Stored records:
┏━━
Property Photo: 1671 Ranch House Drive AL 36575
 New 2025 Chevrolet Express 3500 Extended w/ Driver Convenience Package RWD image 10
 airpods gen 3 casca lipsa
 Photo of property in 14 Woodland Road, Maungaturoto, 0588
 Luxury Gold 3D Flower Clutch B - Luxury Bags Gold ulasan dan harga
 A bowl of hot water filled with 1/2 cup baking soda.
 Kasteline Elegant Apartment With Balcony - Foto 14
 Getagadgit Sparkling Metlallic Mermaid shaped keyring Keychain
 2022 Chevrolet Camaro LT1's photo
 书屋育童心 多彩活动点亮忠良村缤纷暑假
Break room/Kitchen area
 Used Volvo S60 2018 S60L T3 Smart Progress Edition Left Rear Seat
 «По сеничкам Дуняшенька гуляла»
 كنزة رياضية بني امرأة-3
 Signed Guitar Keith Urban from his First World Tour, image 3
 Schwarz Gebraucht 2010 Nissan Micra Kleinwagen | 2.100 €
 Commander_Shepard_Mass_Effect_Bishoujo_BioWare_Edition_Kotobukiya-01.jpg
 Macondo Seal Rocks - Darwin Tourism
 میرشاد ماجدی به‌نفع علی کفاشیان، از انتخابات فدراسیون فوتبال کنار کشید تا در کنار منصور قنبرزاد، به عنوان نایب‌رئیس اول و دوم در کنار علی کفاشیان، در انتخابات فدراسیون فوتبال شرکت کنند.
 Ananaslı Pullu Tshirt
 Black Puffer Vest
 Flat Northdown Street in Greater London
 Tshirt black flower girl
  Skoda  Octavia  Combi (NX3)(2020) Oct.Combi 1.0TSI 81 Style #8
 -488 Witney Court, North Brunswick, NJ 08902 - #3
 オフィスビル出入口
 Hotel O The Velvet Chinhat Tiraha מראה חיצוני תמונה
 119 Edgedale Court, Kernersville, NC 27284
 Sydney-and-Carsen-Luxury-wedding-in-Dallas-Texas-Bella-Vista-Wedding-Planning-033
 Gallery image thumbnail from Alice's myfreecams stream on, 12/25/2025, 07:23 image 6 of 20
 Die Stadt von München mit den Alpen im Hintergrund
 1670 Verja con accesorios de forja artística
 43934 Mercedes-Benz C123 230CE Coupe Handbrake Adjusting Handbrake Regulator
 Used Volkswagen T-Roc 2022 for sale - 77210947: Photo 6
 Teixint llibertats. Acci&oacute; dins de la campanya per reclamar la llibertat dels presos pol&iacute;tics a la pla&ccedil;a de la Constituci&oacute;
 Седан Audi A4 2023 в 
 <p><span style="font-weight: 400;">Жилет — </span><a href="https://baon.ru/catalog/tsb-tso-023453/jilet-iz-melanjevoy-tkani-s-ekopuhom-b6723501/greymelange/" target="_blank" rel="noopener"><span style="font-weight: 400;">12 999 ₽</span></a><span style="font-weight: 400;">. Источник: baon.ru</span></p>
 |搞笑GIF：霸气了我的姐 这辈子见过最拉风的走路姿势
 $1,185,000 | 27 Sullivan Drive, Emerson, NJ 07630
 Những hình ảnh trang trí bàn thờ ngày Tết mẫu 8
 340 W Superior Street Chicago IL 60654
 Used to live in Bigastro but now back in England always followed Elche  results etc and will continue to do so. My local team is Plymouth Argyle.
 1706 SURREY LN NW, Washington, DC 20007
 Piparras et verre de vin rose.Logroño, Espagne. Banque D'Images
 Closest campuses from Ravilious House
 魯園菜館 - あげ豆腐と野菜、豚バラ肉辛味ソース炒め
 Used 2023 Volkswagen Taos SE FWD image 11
┗━━
Your instructions: Copy the records above exactly, beginning at the line that contains "Седан Audi A4 2023 в" and stopping after the line that contains "Những hình ảnh".

Response:
 Седан Audi A4 2023 в 
 <p><span style="font-weight: 400;">Жилет — </span><a href="https://baon.ru/catalog/tsb-tso-023453/jilet-iz-melanjevoy-tkani-s-ekopuhom-b6723501/greymelange/" target="_blank" rel="noopener"><span style="font-weight: 400;">12 999 ₽</span></a><span style="font-weight: 400;">. Источник: baon.ru</span></p>
 |搞笑GIF：霸气了我的姐 这辈子见过最拉风的走路姿势
 $1,185,000 | 27 Sullivan Drive, Emerson, NJ 07630
 Những hình ảnh trang trí bàn thờ ngày Tết mẫu 8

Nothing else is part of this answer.